- **What to produce**
In the entries that follow, find the line containing "Kleid/ Rüschen Arm"; from there, copy every line exactly through the line containing "DS NA Rechargeable".

- **Recorded information**
○ ○ ○ ○ ○ ○ ○

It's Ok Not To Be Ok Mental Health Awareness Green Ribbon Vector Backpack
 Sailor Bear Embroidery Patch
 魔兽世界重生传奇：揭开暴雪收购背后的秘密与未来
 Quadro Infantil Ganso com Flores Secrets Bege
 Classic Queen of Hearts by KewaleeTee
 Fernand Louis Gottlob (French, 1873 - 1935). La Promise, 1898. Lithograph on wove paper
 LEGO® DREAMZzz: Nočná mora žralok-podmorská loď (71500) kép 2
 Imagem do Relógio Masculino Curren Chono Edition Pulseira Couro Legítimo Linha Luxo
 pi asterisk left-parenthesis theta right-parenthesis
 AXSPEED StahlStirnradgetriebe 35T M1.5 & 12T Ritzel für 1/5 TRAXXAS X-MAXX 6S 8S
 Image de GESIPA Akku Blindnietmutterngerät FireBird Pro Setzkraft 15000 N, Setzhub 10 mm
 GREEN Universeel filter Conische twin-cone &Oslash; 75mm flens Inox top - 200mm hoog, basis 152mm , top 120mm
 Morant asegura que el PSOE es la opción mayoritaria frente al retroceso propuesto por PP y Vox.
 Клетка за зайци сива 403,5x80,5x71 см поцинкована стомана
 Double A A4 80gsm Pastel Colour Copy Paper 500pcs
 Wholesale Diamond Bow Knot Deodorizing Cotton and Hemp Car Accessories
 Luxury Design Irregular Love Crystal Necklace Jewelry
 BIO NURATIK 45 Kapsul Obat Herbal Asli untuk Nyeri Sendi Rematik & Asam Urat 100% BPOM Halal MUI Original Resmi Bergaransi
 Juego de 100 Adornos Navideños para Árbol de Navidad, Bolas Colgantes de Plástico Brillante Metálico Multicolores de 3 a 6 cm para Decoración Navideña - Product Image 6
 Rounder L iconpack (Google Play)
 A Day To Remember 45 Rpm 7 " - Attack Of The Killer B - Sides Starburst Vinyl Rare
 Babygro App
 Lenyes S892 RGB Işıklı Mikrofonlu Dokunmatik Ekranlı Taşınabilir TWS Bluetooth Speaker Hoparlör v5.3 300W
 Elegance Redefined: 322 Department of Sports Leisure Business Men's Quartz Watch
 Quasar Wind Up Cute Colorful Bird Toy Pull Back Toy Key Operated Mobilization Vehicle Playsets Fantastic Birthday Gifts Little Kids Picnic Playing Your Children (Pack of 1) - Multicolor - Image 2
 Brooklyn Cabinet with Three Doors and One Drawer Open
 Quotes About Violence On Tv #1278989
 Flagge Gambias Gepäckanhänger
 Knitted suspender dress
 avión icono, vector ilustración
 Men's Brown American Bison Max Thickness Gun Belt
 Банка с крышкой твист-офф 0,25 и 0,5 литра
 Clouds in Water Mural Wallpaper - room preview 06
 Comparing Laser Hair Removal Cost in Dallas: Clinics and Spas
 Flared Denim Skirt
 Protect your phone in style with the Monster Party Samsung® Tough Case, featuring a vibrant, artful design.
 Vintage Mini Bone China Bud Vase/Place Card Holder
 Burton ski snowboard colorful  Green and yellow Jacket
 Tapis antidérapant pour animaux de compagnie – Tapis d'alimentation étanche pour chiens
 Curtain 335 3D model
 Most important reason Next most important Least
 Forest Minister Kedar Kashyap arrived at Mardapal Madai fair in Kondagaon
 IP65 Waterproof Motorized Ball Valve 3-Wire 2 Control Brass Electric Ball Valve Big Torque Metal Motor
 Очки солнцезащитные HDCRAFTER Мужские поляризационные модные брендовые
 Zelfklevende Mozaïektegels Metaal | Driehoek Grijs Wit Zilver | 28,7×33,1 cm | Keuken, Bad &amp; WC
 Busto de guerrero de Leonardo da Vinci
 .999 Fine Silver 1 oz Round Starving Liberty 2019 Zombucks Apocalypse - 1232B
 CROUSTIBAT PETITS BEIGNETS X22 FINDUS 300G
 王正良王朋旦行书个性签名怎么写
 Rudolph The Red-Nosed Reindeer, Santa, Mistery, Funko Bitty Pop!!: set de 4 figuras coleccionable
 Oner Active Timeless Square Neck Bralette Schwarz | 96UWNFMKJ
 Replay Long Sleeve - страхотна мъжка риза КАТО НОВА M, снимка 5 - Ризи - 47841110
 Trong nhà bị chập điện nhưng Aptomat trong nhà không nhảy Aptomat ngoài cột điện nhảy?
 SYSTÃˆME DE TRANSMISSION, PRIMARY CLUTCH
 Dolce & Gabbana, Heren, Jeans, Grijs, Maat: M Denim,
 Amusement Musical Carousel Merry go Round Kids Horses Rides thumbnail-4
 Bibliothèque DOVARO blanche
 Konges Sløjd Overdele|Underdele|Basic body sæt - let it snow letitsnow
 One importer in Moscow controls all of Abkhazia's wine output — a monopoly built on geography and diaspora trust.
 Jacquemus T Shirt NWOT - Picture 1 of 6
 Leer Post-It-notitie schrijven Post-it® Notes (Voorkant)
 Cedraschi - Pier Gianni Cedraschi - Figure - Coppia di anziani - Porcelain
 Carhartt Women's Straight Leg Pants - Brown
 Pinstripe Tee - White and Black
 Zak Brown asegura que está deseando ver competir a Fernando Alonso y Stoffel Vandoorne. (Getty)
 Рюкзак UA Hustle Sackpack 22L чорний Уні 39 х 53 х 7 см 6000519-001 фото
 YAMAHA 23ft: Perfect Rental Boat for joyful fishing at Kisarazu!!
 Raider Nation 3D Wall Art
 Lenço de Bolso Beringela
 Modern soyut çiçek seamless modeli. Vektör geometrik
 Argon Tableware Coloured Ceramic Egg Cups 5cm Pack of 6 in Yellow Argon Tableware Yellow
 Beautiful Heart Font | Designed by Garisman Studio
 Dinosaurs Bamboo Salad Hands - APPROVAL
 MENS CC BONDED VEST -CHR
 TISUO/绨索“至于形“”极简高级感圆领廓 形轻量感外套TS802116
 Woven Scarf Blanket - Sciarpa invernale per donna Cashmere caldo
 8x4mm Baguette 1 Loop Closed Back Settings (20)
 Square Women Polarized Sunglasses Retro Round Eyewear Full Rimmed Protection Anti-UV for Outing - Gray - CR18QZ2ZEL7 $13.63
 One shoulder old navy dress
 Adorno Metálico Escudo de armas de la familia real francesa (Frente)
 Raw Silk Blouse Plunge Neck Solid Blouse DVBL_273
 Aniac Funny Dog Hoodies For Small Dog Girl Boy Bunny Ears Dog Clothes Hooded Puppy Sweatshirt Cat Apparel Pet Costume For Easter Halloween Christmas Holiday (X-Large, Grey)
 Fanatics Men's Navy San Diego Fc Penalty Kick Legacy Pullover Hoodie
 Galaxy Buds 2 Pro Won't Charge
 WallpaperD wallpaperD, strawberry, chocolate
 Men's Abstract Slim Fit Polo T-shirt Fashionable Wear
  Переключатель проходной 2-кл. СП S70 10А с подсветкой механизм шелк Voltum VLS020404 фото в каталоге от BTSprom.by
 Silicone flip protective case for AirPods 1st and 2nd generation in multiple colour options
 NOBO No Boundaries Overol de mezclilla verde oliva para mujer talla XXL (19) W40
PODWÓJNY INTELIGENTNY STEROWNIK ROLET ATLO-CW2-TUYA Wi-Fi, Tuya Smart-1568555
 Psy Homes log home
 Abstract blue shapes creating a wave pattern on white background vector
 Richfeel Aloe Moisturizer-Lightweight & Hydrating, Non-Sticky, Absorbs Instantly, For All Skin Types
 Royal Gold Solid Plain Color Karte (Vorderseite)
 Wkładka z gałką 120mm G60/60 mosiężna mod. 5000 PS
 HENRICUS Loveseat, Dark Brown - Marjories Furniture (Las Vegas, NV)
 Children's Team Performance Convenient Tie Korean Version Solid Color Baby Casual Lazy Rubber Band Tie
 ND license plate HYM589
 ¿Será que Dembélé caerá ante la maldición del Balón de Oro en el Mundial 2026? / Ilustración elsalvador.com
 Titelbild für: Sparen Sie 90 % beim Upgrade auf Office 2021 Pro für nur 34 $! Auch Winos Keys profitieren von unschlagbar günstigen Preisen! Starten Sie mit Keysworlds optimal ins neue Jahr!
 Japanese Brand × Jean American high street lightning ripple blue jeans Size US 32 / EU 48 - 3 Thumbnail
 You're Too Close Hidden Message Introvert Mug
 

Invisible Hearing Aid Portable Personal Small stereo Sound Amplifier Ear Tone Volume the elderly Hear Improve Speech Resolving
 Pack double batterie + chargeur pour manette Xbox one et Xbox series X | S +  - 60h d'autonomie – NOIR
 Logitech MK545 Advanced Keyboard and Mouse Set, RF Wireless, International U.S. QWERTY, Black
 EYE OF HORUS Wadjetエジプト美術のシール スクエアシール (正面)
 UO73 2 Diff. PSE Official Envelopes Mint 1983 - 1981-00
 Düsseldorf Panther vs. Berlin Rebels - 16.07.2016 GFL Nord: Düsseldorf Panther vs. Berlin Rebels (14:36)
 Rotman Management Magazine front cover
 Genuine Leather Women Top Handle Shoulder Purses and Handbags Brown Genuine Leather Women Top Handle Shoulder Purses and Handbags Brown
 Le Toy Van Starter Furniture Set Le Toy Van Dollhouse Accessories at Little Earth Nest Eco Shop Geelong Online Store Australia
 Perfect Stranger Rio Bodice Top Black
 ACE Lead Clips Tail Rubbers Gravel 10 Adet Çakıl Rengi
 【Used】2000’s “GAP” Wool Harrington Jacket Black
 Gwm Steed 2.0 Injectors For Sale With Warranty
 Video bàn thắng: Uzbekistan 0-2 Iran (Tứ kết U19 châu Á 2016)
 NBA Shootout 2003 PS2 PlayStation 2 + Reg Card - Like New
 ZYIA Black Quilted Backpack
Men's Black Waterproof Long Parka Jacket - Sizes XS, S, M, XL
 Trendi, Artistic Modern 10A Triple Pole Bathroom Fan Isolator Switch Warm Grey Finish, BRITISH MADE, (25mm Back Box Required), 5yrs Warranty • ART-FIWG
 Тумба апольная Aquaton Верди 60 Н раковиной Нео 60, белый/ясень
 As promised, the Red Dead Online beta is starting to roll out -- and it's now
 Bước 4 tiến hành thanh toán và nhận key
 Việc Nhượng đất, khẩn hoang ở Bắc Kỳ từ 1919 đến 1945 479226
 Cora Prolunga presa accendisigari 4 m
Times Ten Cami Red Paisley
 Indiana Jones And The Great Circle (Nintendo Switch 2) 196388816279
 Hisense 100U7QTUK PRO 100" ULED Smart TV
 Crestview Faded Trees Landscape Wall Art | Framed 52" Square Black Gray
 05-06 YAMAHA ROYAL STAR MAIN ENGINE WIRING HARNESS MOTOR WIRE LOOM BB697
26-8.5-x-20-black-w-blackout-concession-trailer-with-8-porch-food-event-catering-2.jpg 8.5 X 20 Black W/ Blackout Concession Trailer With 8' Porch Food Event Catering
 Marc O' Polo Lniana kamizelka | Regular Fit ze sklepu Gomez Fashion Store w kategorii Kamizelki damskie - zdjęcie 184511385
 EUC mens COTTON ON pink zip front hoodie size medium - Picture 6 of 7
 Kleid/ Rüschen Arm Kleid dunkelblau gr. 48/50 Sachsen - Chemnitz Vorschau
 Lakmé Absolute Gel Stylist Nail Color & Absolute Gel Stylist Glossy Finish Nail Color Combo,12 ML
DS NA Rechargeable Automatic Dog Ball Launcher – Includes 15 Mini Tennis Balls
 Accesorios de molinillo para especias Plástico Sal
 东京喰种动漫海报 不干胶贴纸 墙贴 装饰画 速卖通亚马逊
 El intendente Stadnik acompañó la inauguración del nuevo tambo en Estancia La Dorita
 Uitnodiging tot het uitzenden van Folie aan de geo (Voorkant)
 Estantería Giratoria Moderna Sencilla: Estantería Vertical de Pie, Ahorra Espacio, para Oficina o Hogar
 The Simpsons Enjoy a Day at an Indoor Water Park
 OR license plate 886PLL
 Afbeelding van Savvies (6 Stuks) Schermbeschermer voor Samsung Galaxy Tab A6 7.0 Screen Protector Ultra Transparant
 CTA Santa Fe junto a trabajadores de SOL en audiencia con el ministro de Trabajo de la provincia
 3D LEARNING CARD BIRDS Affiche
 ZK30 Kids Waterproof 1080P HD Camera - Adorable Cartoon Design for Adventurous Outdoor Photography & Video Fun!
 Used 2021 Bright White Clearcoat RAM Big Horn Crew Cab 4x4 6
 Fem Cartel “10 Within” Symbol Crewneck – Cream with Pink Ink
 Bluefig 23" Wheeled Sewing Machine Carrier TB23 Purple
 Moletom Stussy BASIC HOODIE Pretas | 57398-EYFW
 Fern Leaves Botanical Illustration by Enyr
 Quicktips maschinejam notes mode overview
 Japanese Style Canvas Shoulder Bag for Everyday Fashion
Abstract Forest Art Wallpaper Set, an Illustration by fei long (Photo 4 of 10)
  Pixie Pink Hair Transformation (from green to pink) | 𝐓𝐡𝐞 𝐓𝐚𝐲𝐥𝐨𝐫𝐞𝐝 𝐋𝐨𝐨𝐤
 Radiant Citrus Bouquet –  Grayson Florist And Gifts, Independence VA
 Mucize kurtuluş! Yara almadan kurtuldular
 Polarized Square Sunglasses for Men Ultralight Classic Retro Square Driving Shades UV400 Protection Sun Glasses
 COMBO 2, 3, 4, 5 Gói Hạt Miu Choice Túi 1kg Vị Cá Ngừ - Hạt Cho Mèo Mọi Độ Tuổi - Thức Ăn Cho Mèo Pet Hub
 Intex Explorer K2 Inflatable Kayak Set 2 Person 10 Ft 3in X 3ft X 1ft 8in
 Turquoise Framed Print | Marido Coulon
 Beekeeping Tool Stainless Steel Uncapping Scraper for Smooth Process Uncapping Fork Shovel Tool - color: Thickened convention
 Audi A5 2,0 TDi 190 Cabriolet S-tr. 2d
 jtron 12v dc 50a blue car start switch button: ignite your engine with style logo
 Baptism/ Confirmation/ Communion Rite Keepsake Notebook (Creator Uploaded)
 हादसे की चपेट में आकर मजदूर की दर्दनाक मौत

○ ○ ○ ○ ○ ○ ○

- **Exercise result**
 Kleid/ Rüschen Arm Kleid dunkelblau gr. 48/50 Sachsen - Chemnitz Vorschau
 Lakmé Absolute Gel Stylist Nail Color & Absolute Gel Stylist Glossy Finish Nail Color Combo,12 ML
DS NA Rechargeable Automatic Dog Ball Launcher – Includes 15 Mini Tennis Balls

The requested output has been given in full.